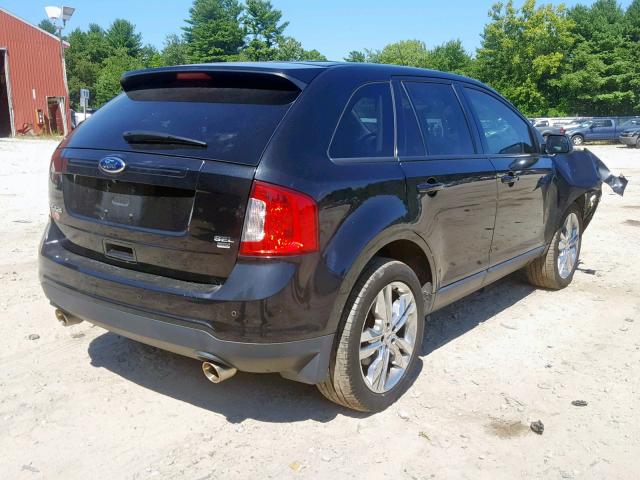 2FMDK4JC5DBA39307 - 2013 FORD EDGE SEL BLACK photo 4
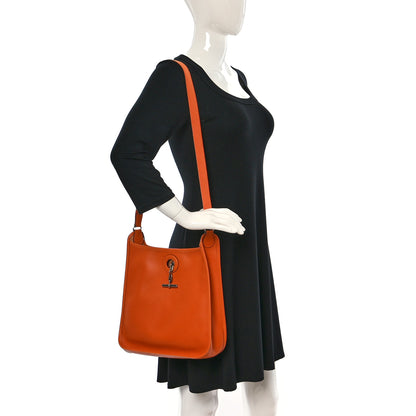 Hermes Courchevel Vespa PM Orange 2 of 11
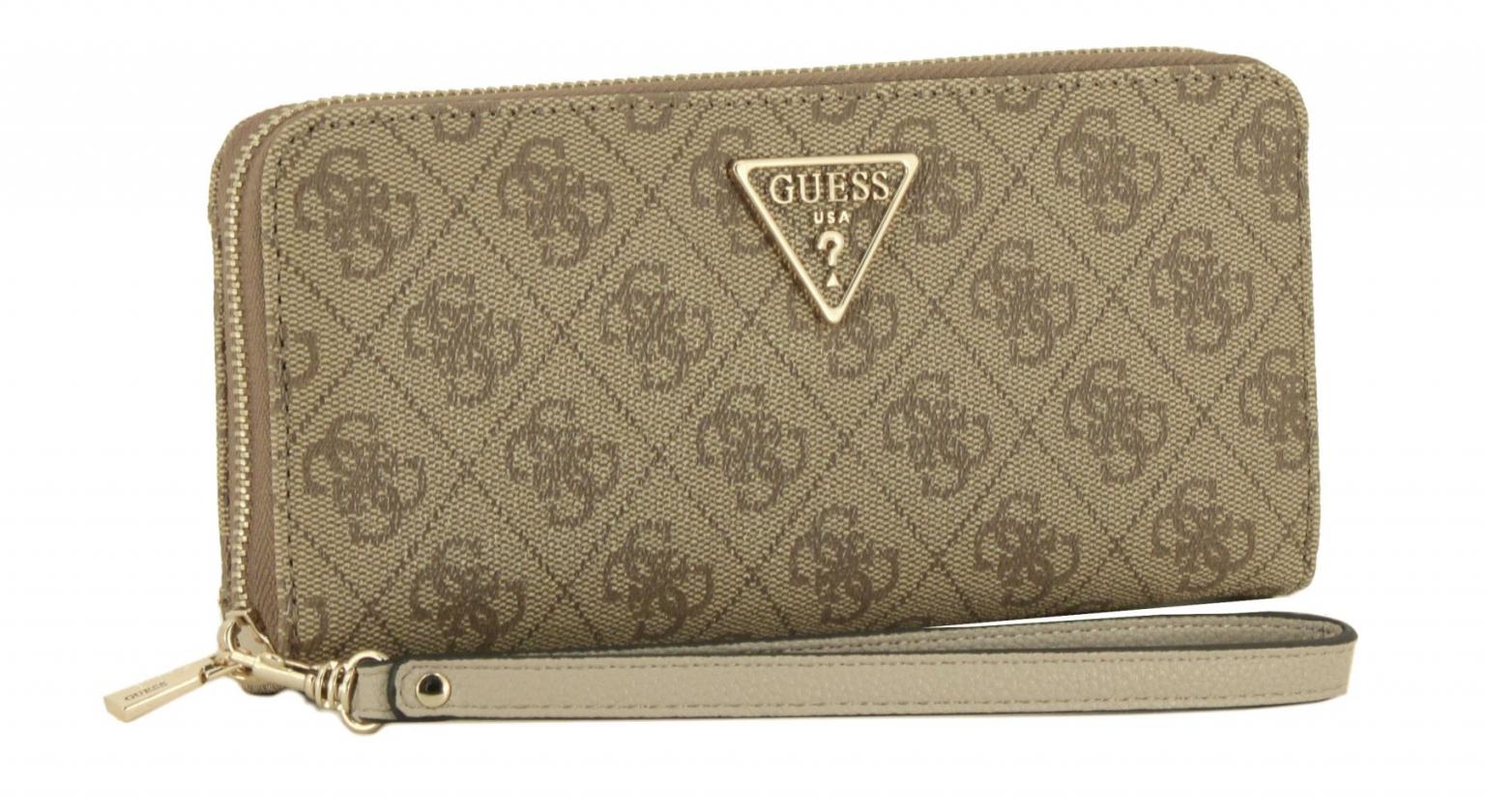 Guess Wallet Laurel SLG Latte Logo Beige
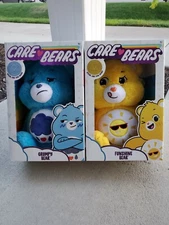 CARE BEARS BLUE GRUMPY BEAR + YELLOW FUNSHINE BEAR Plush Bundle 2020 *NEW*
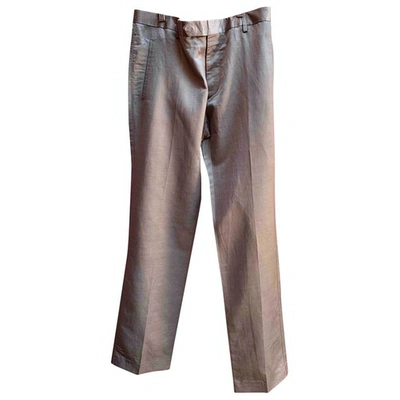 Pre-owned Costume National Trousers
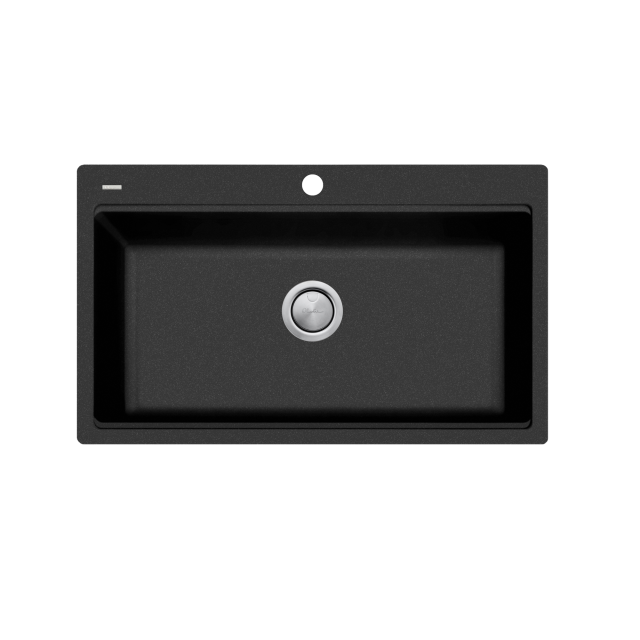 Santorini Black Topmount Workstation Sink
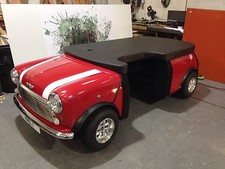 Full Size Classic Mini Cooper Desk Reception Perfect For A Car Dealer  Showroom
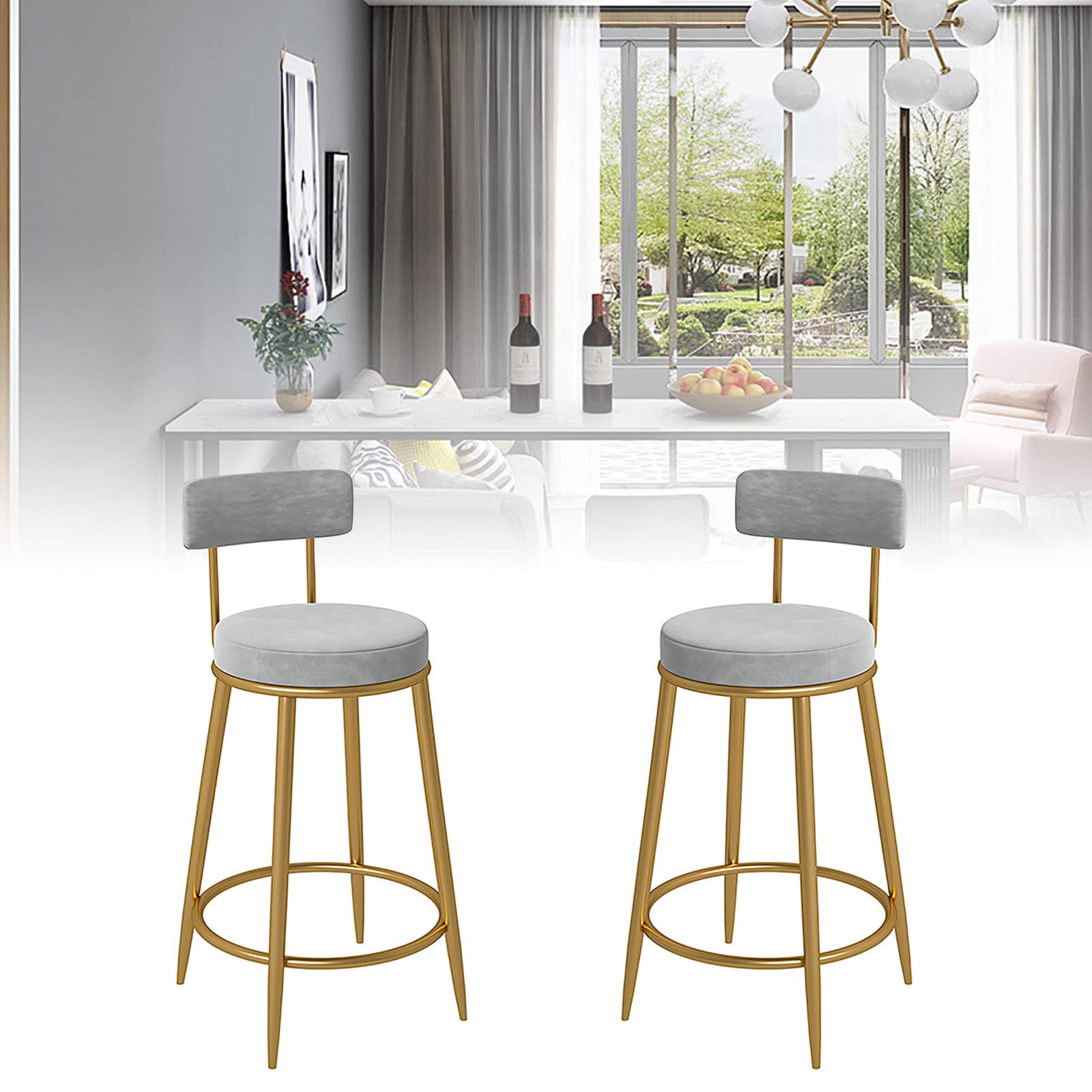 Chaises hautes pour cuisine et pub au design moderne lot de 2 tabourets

+-------+

### YOUR GOAL
When you write out the material, keep every line exact and leave out each picture.

### SOLUTION FOR THIS EXERCISE
 2FMDK4JC5DBA39307 - 2013 FORD EDGE SEL BLACK photo 4
 Hermes Courchevel Vespa PM Orange 2 of 11
 Guess Wallet Laurel SLG Latte Logo Beige
 CARE BEARS BLUE GRUMPY BEAR + YELLOW FUNSHINE BEAR Plush Bundle 2020 *NEW*
 Pre-owned Costume National Trousers
 Santorini Black Topmount Workstation Sink
 Full Size Classic Mini Cooper Desk Reception Perfect For A Car Dealer  Showroom
 Chaises hautes pour cuisine et pub au design moderne lot de 2 tabourets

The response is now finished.